Some months back, I blogged about a FLSA class action filed against Life Time Fitness based on a theory that personal trainers were compelled to work off-the-clock and were not paid. Well, a federal judge has just denied the motion to conditionally certify a proposed class of personal trainers and instructors. The Judge found that there allegedly improper working conditions varied too much from employee to employee to permit the conditional certification of the class. The case is entitled Steger et al. v. LTF Club Operations Co. Inc. et al., and was filed in federal court in the Northern District of Illinois.
U.S. District Judge Sharon J. Coleman concluded that assessing the workers’ claims would mandate “highly individualized” scrutiny and defenses because the employees were paid pursuant to a complicated commission system, thereby rendering a collective action inefficient. The Court noted that testimony from the workers demonstrated that their working conditions varied, again requiring individualized attention.
The Judge wrote that “the pressure that each [personal trainer] felt to work off the clock depended on his or her location, his or her job title and responsibilities, his or her department head at the particular moment, his or her productivity, and his or her personal decisions.” She asserted that “although two putative plaintiffs might share one or two of these factors in common, a highly individualized analysis would nonetheless be necessary to determine the extent to which each employee worked off the clock and whether that conduct was attributable to Life Time.”
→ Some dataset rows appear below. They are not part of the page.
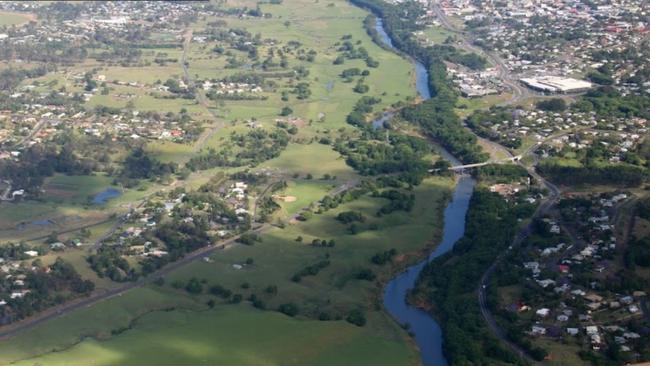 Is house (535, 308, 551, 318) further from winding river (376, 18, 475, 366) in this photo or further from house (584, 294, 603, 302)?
winding river (376, 18, 475, 366)

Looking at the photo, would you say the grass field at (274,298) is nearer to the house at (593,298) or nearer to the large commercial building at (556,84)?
the house at (593,298)

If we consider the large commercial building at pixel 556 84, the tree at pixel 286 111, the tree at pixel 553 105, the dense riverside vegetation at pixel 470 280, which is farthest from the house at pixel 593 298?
the large commercial building at pixel 556 84

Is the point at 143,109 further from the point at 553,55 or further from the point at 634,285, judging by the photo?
the point at 634,285

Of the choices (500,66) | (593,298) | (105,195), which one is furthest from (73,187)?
(500,66)

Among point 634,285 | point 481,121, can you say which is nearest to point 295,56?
point 481,121

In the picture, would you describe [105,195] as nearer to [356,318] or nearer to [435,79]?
[356,318]

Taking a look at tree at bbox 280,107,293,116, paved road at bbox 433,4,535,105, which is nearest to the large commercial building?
paved road at bbox 433,4,535,105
The proposed class would have stretched to more than one-hundred locations across the country, going back to 2011. The Judge did find that the supervisors of the employees received commissions based on department revenues and she did note that some of these supervisors pressured their employees to report fewer hours so as to minimize the “draws” taken from their particular division’s cash flow. Countered against this was the undisputed fact that the Employee Handbook required workers to report all hours worked. Moreover, the testimony indicated that the five job titles sought for inclusion in the proposed class did not have “substantially identical” experiences. Thus, the Court denied the motion.
The employer’s best defense (sometimes, indeed, the only defense) is that a class is inappropriate because there is too much of a need for individual scrutiny. Consider what was at stake here—more than one hundred locations, nationwide, and several hundred employees. The potential liability for the employer would have been staggering, but now that possibility is (likely) gone forever.
The employer still has some stuff to clean up here, as noted by the Judge. But now it has the time to do it. Thanks to the magic bullet defense!